:: TRY IT ::
Reproduce word for word every line from the one containing "HP 217Z ultra" to the final line of the data below; omit the pictures.

(Collected data)
==================================================

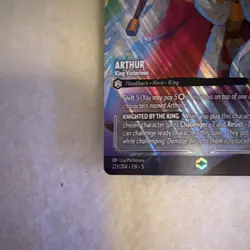 Disney Lorcana Arthur - King Victorious Foil 221/204 English TCG Card - Image 3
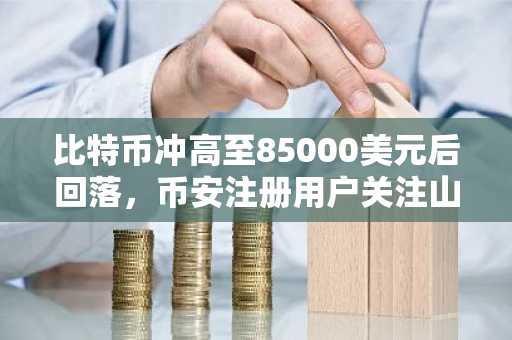 比特币冲高至85000美元后回落，币安注册用户关注山寨币暴跌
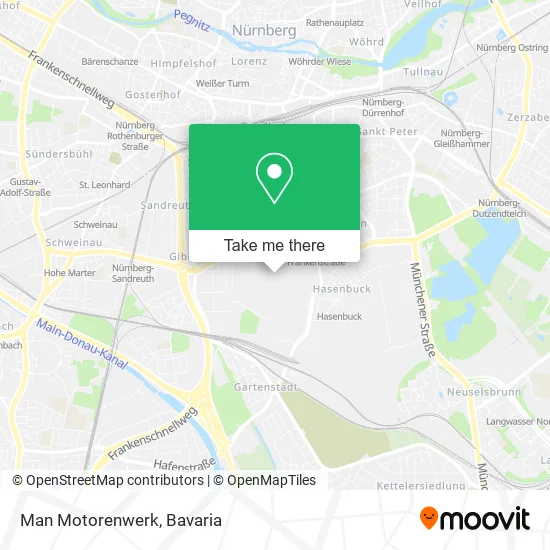 Карта Man Motorenwerk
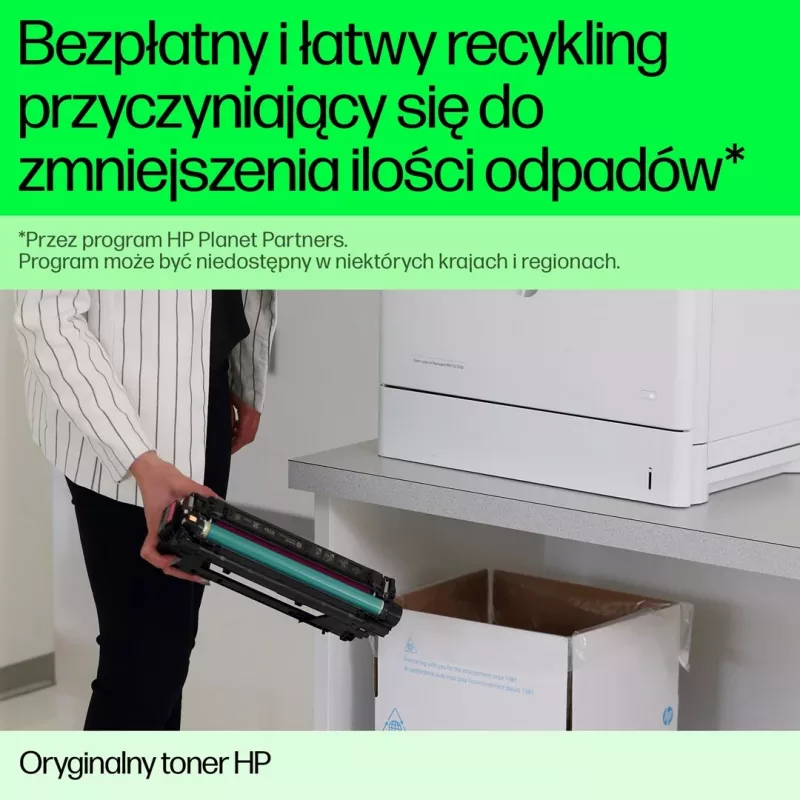 HP 217Z ultra wysoka wydajność cyjan oryginalny toner LaserJet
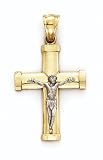 14K Lg Plain Crucifix Pend - GH14122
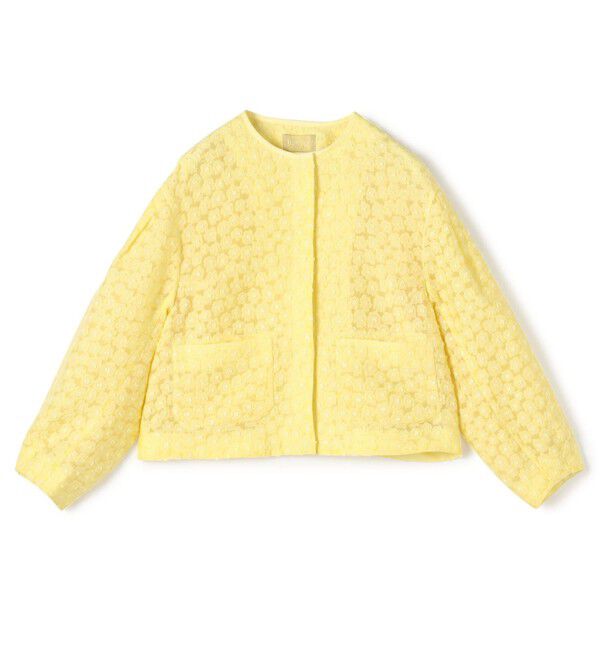 Ballsey「アリッサムカットジャカード クルーネックジャケット」|ノーカラージャケット|21 イエロー
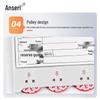 Ansellary 88x100mm Magnetic Warehouse Shelf Labels (10-Pack)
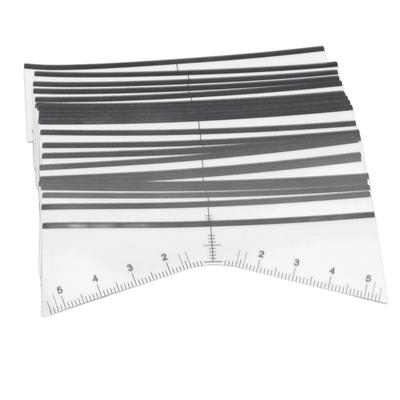 100 ks Jednorázové šablony na obočí Samolepky Šablony pro mapování obočí ve tvaru V pro symetrické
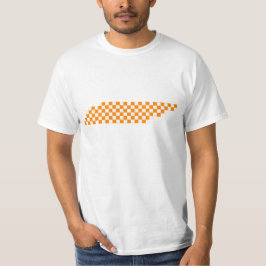 Camiseta Pixel alaranjado e branco escolar Tennessee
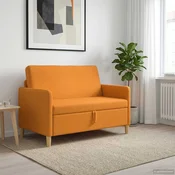 Sofa s pohranom Tamno žuta 122 x 78 x 87 cm Poliester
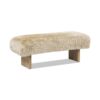 Leda - Sheepskin Fur Rectangular Accent Bench - Natural Blonde - Image 10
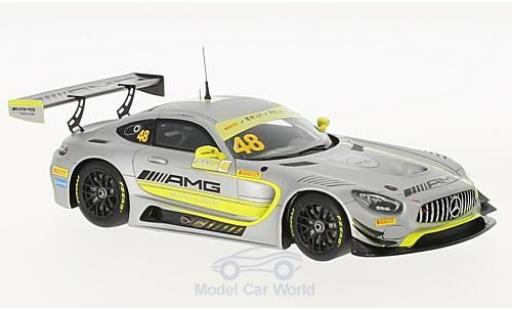 Diecast model cars Mercedes AMG GT GT3 No.48 -AMG Team Driving Academy Fia GT World Cup Macau GT Cup 2017 E.Mortara 1/43 Minichamps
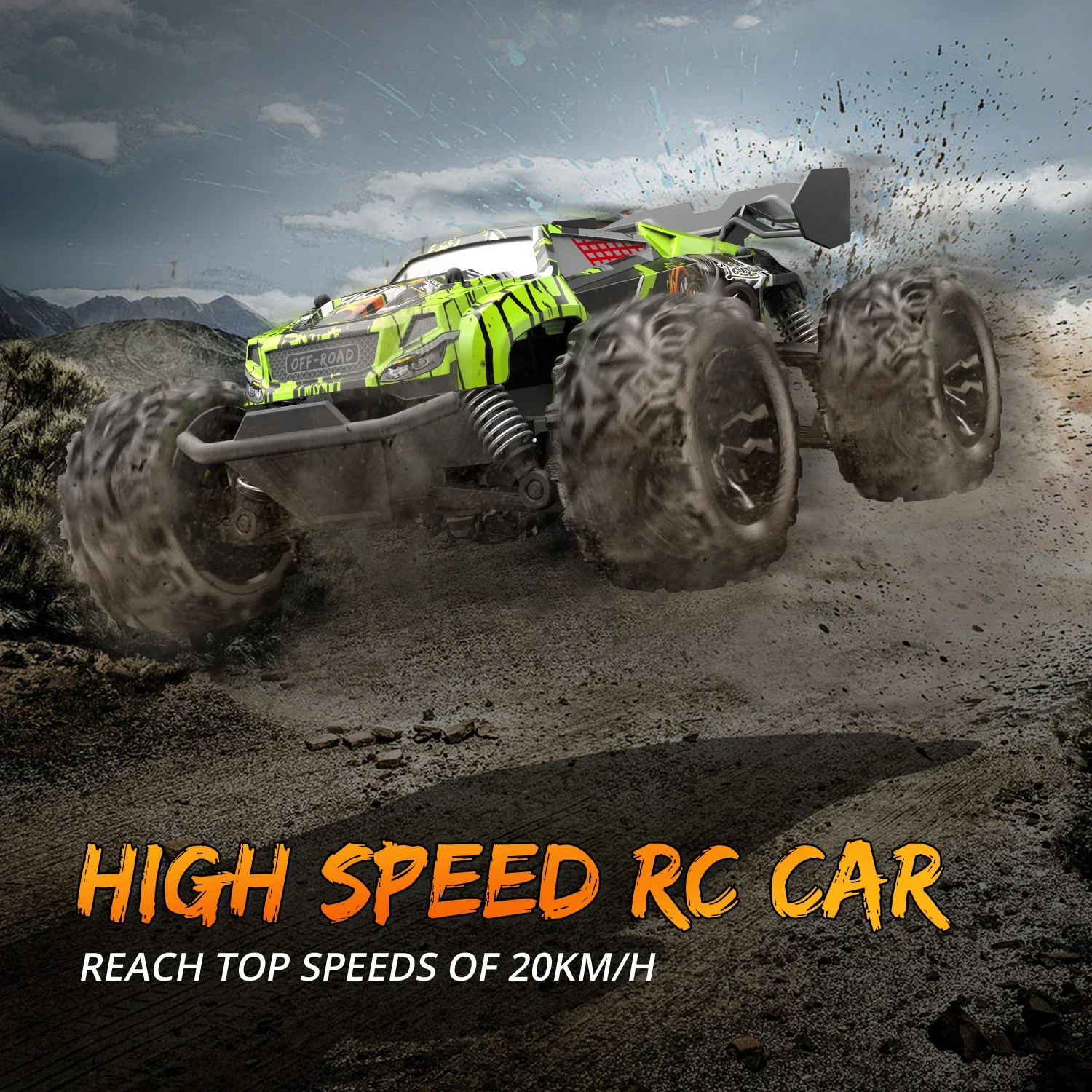 20KM/H Power Motor 2.4G RC Drift Car Truck Independent Shock Absorber Anti-Crash Vehical Adults Kid Toy Gift Remote Control Car 4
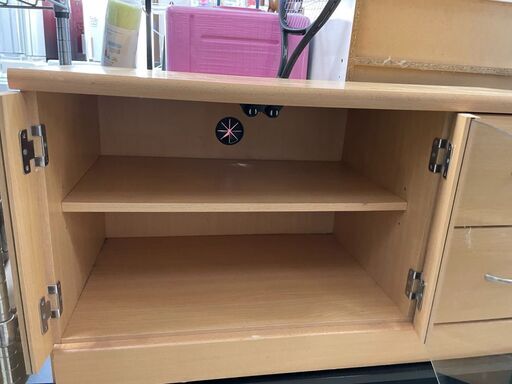 TV台No.1261木製ナチュラルカラーテレビボード【リサイクルショップどりーむ荒田店】 (どりーむ荒田店) 鹿児島中央の収納家具《テレビ台 》の中古あげます・譲ります｜ジモティーで不用品の処分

==================================================

:: EXERCISE ANSWER ::
 HP 217Z ultra wysoka wydajność cyjan oryginalny toner LaserJet
 14K Lg Plain Crucifix Pend - GH14122
 Ballsey「アリッサムカットジャカード クルーネックジャケット」|ノーカラージャケット|21 イエロー
 Ansellary 88x100mm Magnetic Warehouse Shelf Labels (10-Pack)
 100 ks Jednorázové šablony na obočí Samolepky Šablony pro mapování obočí ve tvaru V pro symetrické
 Camiseta Pixel alaranjado e branco escolar Tennessee
 Sofa s pohranom Tamno žuta 122 x 78 x 87 cm Poliester
 Leda - Sheepskin Fur Rectangular Accent Bench - Natural Blonde - Image 10
 Diecast model cars Mercedes AMG GT GT3 No.48 -AMG Team Driving Academy Fia GT World Cup Macau GT Cup 2017 E.Mortara 1/43 Minichamps
 20KM/H Power Motor 2.4G RC Drift Car Truck Independent Shock Absorber Anti-Crash Vehical Adults Kid Toy Gift Remote Control Car 4
 TV台No.1261木製ナチュラルカラーテレビボード【リサイクルショップどりーむ荒田店】 (どりーむ荒田店) 鹿児島中央の収納家具《テレビ台 》の中古あげます・譲ります｜ジモティーで不用品の処分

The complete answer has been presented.